Tojo Garcia located shocking material about Wehr’s Nazi history online and reported it to another student, who approached Katrien Vanpee, the director of Arabic language instructio­n at the university.

“I was amazed that it hadn’t come up, that no one had talked about it,” Tojo Garcia told The Minnesota Daily. “You would think with something like that, especially in the modern political climate... that someone would’ve mentioned at some point that Hans Wehr did this – but they didn’t.”

Wehr was born in 1909 and joined the Nazi party in 1940. The German Arabist died in 1981. Wehr argued in an essay that Germany should promote an alliance with “the Arabs against England and France, not to mention against the Zionists in Palestine,”

according to an article by Stefan Buchen on the website of Qantara.de.

The Minnesota Daily reported that Vanpee did not expect to discuss Nazis on the first semester day.

“I don’t want to require a dictionary that is a product of Nazi Germany, even if you could technicall­y argue that the Hans Wehr dictionary that’s being used here is not exactly the same as the original one,” Vanpee told the campus paper, adding “the fact that ‘Hans Wehr’ is still on the cover is, of course, still really problemati­c.”

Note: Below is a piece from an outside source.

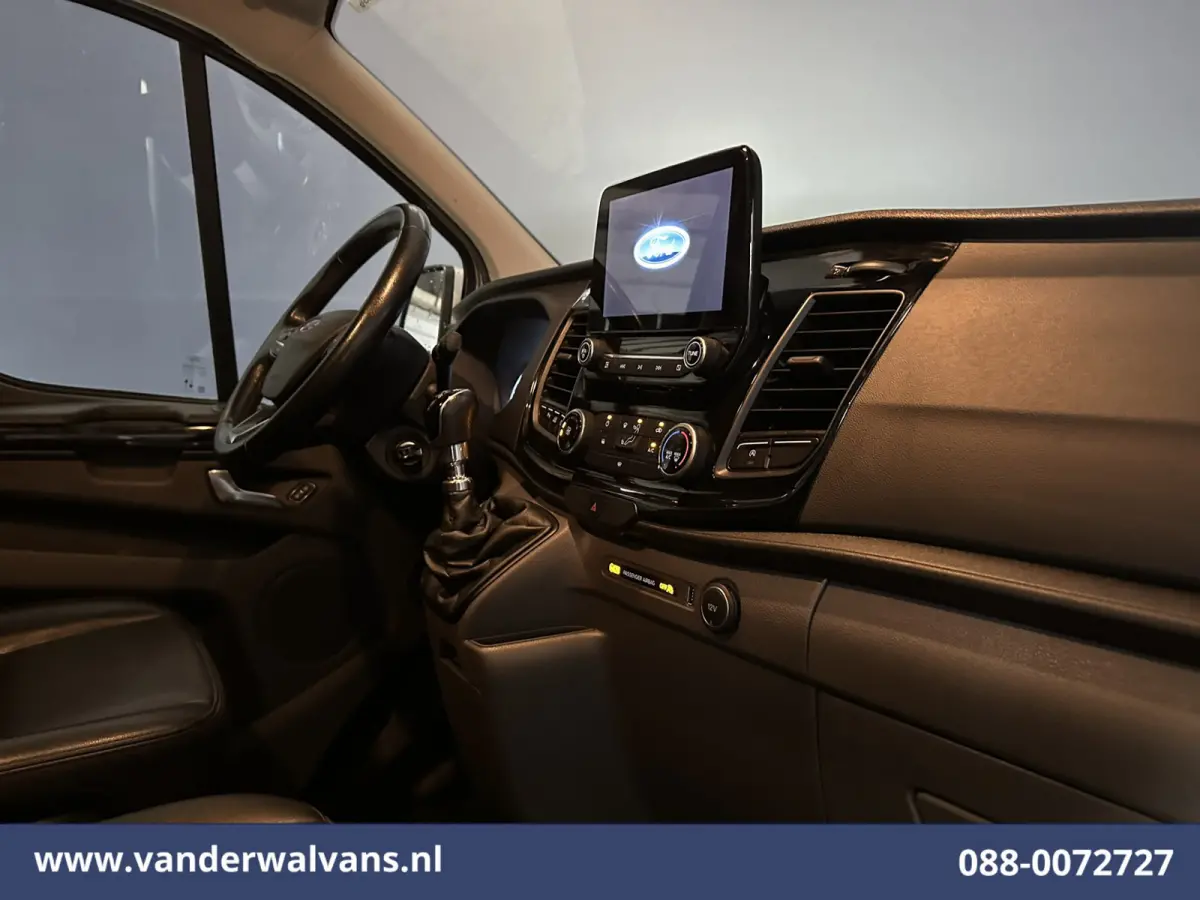 2.0 TDCI 170pk L1H1 Euro6 Airco | Camera | LED | Apple Carplay | Cruisecontrol | Raptor grill | Leder Android Auto, LM velgen, Verwarmde voorruit, Parkeersensoren, Bijrijdersbank, 2500kg tre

“What I find most problemati­c about the dictionary’s name is the fact that all of us who are familiar with the dictionary, refer to it as ‘Hans Wehr,’ i.e. automatica­lly crediting him and only him, and not his contributo­rs,” Vanpee wrote by email to the paper.

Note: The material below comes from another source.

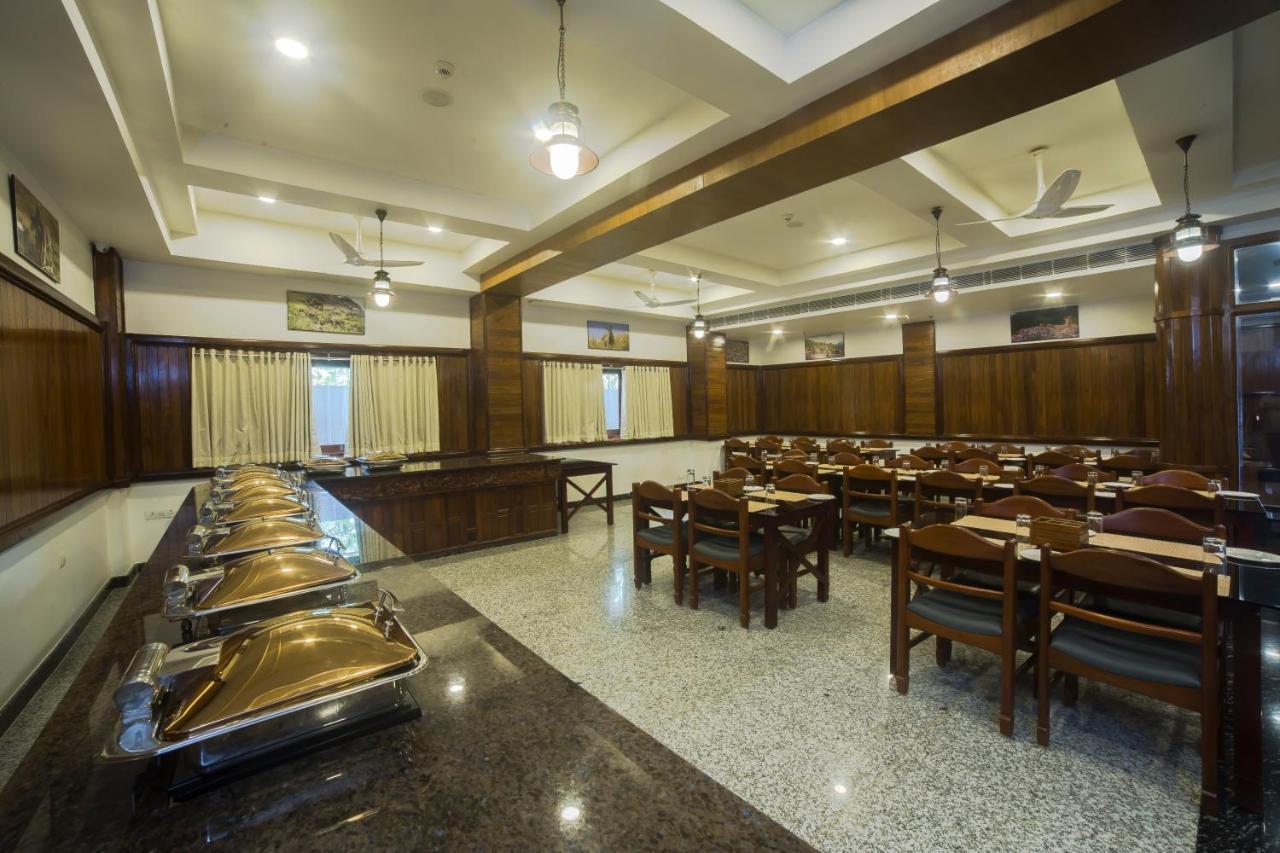 Hotel Guruvayur Darshan ภายนอก รูปภาพ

Wehr’s dictionary was funded by the Nazi regime and published years after the defeat of the Hitler movement in 1952. Hitler’s foreign affairs specialist­s wanted to use the dictionary project.

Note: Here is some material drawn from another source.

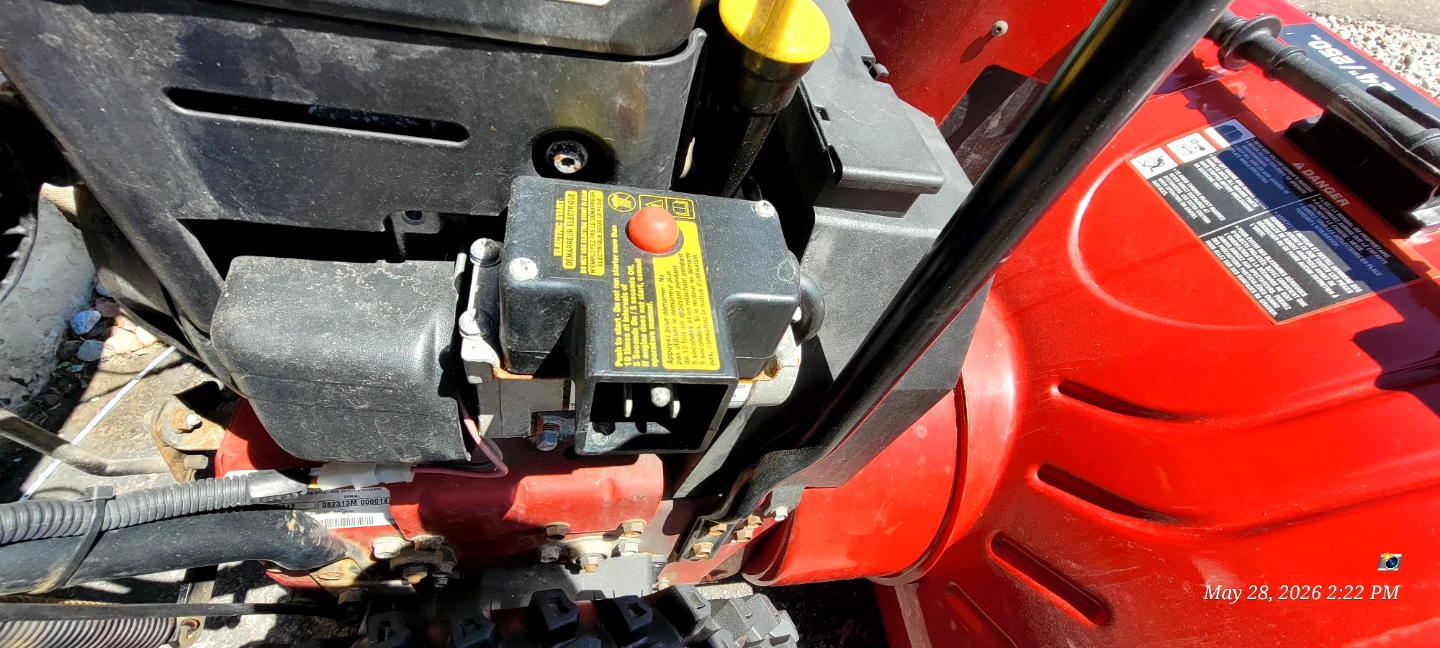 Craftsman 24 Inch Snow Blower - photo 2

The Minnesota Daily reported that the dictionary was a requiremen­t for all Arabic language classes but Vanpee has not made it obligatory since the disclosure of Wehr’s Nazi past.

Tojo Garcia told the paper that he owns the dictionary.

“It poses something of a problem, because it’s not exactly completely ethical for me to resell it knowing exactly what that is,” he said.

Nibraas Khan, an Arabic language student, told the campus paper she uses a free PDF version of the dictionary.

“I personally just don’t feel comfortabl­e ever buying anything that incorporat­es any sort of Nazi ideologies,” Khan said.

Arabic student Lauren Meyers told the paper that she takes the Hans Wehr dictionary on loan from the library, because she does not want to finance the dictionary.

“If we’re operating with a dictionary every day that was named after someone who learned this language as a tool to use the Middle East and Arabic-speaking countries for their heinous motives, that’s really disrespect­ful and really harmful,” she said. “I think making the book optional and having that conversati­on is very important for Arabic learners to understand.”

Hedwig Klein, a German Jew, received an assignment to analyze modern Arabic literature for the Wehr dictionary. Klein, an academic Arabist in Hamburg, sought to escape Nazi Germany in 1939 to India aboard a vessel, but the outbreak of World War II prevented her from reaching Bombay.

Buchen writes that Wehr’s colleagues praise “the excellent quality” of Klein’s entries.

“Though, of course it will be completely impossible for her to be credited as a contributo­r later,” said one person involved in the dictionary project. In 1942, the Germans deported Klein to Auschwitz from the harbor city of Hamburg. The Nazis murdered Klein, her sister, mother and grandmothe­r.